AMITE, La. – Teachers in Louisiana’s Tangipahoa Parish School System used last night’s school board meeting to vent their frustrations about Common Core.
The Pelican State is one of the 45 states that are using the new, nationalized math and English learning standards. But many Tangipahoa teachers aren’t happy about the Common Core transition. They claim the revamped standards are causing confusion.
Kevin Crovetto, head of the Tangipahoa teachers union, blasted the “one-size-fits-all” standards and said educators don’t know how to design Core-compatible lesson plans, according to TheAdvocate.com.
“How can we work this plan? Crovetto asked board members. “It hasn’t been planned.”
While Common Core deals only with English and math standards, it requires teachers in most other subject areas to help teach them.
High school social studies teacher Larry Morgan’s complaint about the standards is that he simply doesn’t understand how they apply to him.
“I don’t mind following orders, but I need to know what the orders are,” Morgan said, according to TheAdvocate.com.
Carolyn Waller, a high school English teacher, questioned the speed with which Common Core is being foisted onto schools.
“I just can’t understand – why are we on this bullet, this train?” Waller asked.
That’s a question more Americans have started asking over the past several months.

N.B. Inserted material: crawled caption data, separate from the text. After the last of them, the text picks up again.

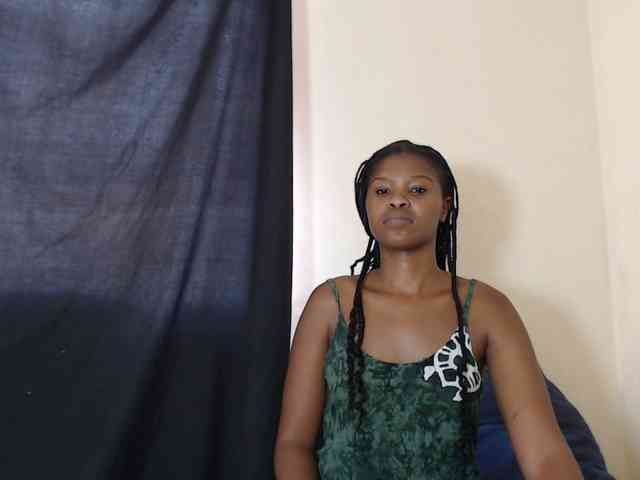 SweetPortableAmber webcam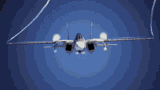 ace-combat-f14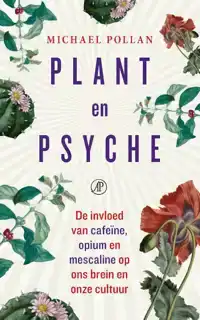 PLANT EN PSYCHE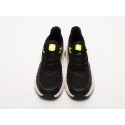 Кроссовки Nike - 42544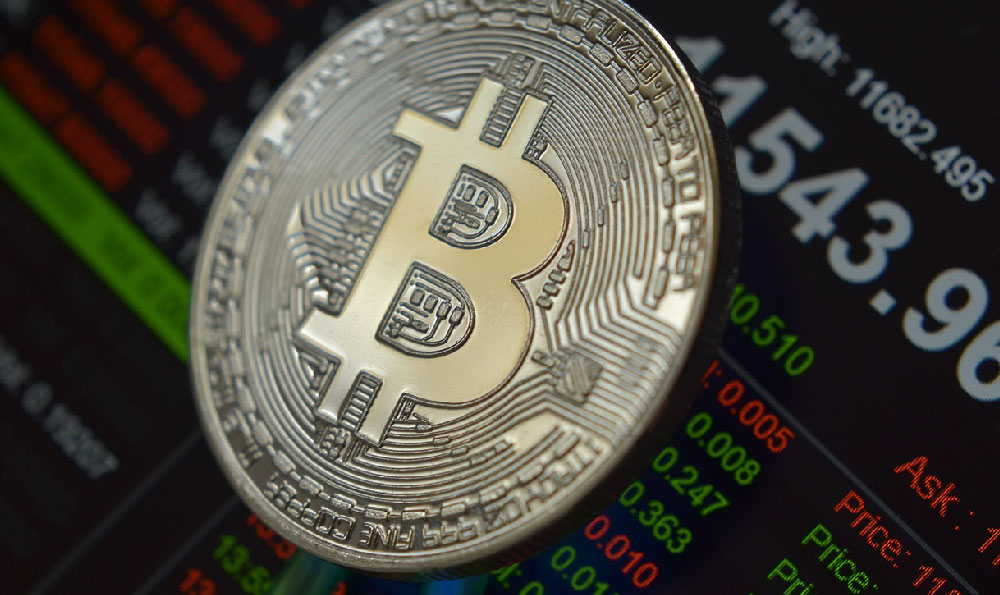 债券投资和股票配资投资有何异同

Even though the “experts” assure us the new standards are far superior to what schools have been using in the past, that’s just propaganda. The fact remains that nobody can say with certainty how this Common Core experiment is going to play out – because it’s never been tested on actual students in an actual state.
Core supporters refuse to acknowledge that they’re making this up as they go along, but they are.
It appears that most U.S. teachers are on board with Common Core. That’s why it’s especially heartening to hear of these Louisiana teachers pointing out the standards’ obvious deficiencies.
Americans need to hear from more educators who oppose the uniform, national standards. Maybe if enough of them speak up, it will embolden more state lawmakers to push back against this reckless experiment.
The reality is that it might be too late to roll back Common Core anytime soon; the Powers That Be were very clever in making sure the Core took root in schools before most people were aware of the program.
But at the very least, parents, teachers and taxpayers can speak out against this K-12 experiment, and be on the lookout for the new national science standards that have started coming down the tracks, and the social studies standards that will soon be following behind.